AsleepAndUnafraid21:

How? pbc is on the same line

surjithayer:

if we assume GRPC is a parallelogram. Then triangles GCB and PEB are similar. $\frac{ GB }{ BE }=\frac{ GC}{ PE }=\frac{ CB }{ PB}$ $\frac{ 450 }{ BE }=\frac{ 400 }{ PE }=\frac{ 350 }{ 250 }$ $350BE=450 \times 250$ $BE=\frac{ 450\times250 }{ 350 }=\frac{ 2250 }{ 7 }=321\frac{ 3 }{7 }$ $350 PE=400\times 250=100,000$ $PE=\frac{ 100,000 }{ 350}=\frac{ 2000 }{ 7}=285\frac{ 5 }{ 7 }$

AsleepAndUnafraid21:

pbe is a triangle/angle

Aqual:

@asleepandunafraid21 wrote:
pbe is a triangle/angle
yes

Aqual:

so how i do it is i take the number the triangl;e is dilated by, here its 350/250, and i divide the other side lengths to find those of the triangle im trying to find

surjithayer:

it was a mis print ,now i have corrected. thanks

AsleepAndUnafraid21:

that makes more sense

Aqual:

so 350/250=1.4 so 450/1.4 should give you line be

Aqual:

400/1.4 should give you line pe

AsleepAndUnafraid21:

oh i think i get it

AsleepAndUnafraid21:

thank you @aqual @surjithayer

Aqual:

@surjithayer wrote:
if we assume GRPC is a parallelogram.
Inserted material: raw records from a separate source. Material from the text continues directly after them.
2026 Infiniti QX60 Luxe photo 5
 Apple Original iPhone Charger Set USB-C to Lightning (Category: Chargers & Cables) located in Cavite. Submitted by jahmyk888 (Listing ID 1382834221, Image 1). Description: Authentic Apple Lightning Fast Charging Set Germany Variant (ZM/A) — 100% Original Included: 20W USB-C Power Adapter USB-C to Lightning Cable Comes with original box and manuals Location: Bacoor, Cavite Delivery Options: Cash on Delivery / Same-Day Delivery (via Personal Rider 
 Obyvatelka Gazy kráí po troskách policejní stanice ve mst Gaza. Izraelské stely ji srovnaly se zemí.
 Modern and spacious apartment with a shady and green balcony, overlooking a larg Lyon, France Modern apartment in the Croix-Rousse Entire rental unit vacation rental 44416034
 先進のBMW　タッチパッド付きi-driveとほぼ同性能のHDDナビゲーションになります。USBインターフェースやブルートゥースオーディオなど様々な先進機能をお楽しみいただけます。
Then triangles GCB and PEB are similar. $\frac{ GB }{ BE }=\frac{ GC}{ PE }=\frac{ CB }{ PB}$ $\frac{ 450 }{ BE }=\frac{ 400 }{ PE }=\frac{ 350 }{ 250 }$ $350BE=450 \times 250$ $BE=\frac{ 450\times250 }{ 350 }=\frac{ 2250 }{ 7 }=321\frac{ 3 }{7 }$ $350 PE=400\times 250=100,000$ $PE=\frac{ 100,000 }{ 350}=\frac{ 2000 }{ 7}=285\frac{ 5 }{ 7 }$
these are correct

Aqual:

@asleepandunafraid21 wrote:
thank you @aqual @surjithayer
np

surjithayer:

yw